J Rheumatol. 1999 Apr;26(4):816-25.
(1) To review the diagnoses after 10 years in patients who were identified within 12 months of the onset of well established and undifferentiated connective tissue diseases (CTD). (2) To examine the death rates and disease remissions in these patients.

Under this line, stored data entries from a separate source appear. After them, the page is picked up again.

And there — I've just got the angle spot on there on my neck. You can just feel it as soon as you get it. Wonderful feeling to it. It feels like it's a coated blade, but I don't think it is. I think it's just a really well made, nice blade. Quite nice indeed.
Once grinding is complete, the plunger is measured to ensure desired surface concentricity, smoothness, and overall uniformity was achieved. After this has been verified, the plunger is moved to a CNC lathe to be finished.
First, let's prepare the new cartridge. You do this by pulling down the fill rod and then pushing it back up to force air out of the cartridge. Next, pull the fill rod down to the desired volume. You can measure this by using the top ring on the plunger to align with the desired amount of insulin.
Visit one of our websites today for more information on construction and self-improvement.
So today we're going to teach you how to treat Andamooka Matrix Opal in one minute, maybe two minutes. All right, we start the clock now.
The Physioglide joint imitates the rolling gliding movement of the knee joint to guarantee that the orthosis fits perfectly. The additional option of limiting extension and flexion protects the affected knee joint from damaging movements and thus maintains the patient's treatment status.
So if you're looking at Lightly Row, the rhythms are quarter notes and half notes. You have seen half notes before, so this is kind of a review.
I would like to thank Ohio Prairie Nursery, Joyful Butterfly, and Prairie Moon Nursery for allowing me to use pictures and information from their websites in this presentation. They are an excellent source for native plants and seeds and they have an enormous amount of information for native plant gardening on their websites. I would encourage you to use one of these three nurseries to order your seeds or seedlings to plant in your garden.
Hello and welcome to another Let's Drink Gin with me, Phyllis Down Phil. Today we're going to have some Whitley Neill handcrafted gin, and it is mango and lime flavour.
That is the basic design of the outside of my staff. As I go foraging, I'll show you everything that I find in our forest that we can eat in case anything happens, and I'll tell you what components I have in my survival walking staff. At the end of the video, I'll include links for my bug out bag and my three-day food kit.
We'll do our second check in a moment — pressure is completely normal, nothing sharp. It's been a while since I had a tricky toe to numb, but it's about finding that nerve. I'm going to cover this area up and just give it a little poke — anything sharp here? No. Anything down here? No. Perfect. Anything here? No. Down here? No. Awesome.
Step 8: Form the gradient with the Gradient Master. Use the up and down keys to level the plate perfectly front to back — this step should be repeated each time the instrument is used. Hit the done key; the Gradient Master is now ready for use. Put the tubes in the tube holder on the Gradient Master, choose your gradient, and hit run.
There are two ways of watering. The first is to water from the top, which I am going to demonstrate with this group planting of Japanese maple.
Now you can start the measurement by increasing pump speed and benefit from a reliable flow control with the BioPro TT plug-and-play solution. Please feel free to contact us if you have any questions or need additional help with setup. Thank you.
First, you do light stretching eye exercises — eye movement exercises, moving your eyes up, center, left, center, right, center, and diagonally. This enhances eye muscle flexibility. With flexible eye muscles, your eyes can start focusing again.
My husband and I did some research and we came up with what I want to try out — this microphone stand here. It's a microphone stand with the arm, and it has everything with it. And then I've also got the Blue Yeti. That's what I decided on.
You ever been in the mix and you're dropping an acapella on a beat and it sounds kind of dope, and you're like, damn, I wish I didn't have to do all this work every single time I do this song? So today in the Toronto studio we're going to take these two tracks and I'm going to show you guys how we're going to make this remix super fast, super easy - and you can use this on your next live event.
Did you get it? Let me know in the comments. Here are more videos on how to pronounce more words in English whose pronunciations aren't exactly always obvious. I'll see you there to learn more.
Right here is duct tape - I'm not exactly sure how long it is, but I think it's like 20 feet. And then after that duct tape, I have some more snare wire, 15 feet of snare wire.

This inception cohort of 410 patients had less than one year of signs and/or symptoms of CTD. Diagnoses of rheumatoid arthritis (RA), systemic lupus erythematosus (SLE), systemic sclerosis (SSc), and poly/dermatomyositis (PM/DM) were made in 197 patients using accepted diagnostic and classification criteria. Diagnoses of undifferentiated CTD were made in 213 patients. These latter patients were placed in 3 categories: isolated Raynaud's phenomenon (RP), unexplained polyarthritis (UPA), and undifferentiated CTD (UCTD), defined as meeting at least 3 of 11 specific manifestations of CTD. The diagnoses and remissions in all patients after 10 years were determined.
Patients with well established CTD tended to remain with the original diagnosis. The 10 year survival was at least 87% in all diagnostic categories, with the exception of SSc, in which it was 56%. The progression of UPA to RA occurred infrequently. The presence of antinuclear antibodies suggested that UPA may develop additional symptoms and/or a specific diagnosis, and RP in these patients increased the likelihood of progressing to UCTD or a specific well established CTD. Ten percent of patients with RP progressed to SSc. In patients with UCTD, joint pain/tenderness and swelling counts were associated with progression to other diagnoses including RA, while either serositis, malar rash, or discoid lupus suggested the eventual diagnosis of SLE.
The survival of patients with SSc was poor, with most dying early in the course of their disease. Remissions were seen in all groups of patients except SSc. The remissions were sometimes transient in SLE. Undifferentiated disease at initial examination within 12 months of onset usually remains undifferentiated.
(1)回顾确诊为明确的和未分化的结缔组织病(CTD)发病12个月内确诊的患者10年后的诊断情况。(2)研究这些患者的死亡率和疾病缓解情况。
这个起始队列包含410例CTD体征和/或症状出现时间少于1年的患者。根据公认的诊断和分类标准,197例患者被诊断为类风湿关节炎(RA)、系统性红斑狼疮(SLE)、系统性硬化症(SSc)和多/皮肌炎(PM/DM)。213例患者被诊断为未分化CTD。后一组患者分为3类:孤立性雷诺现象(RP)、不明原因多关节炎(UPA)以及未分化CTD(UCTD),UCTD定义为符合CTD 11种特定表现中的至少3种。确定了所有患者10年后的诊断和缓解情况。
确诊为明确CTD的患者倾向于维持原诊断。除SSc组10年生存率为56%外,所有诊断类别10年生存率至少为87%。UPA进展为RA的情况很少见。抗核抗体的存在提示UPA可能出现更多症状和/或特定诊断,这些患者中的RP增加了进展为UCTD或特定明确CTD的可能性。10%的RP患者进展为SSc。在UCTD患者中,关节疼痛/压痛和肿胀计数与进展为包括RA在内的其他诊断相关,而浆膜炎、颊部皮疹或盘状狼疮提示最终诊断为SLE。
SSc患者生存率低,大多数在疾病早期死亡。除SSc组外,所有患者组均出现缓解。SLE组的缓解有时是短暂的。发病12个月内初次检查时的未分化疾病通常仍保持未分化状态。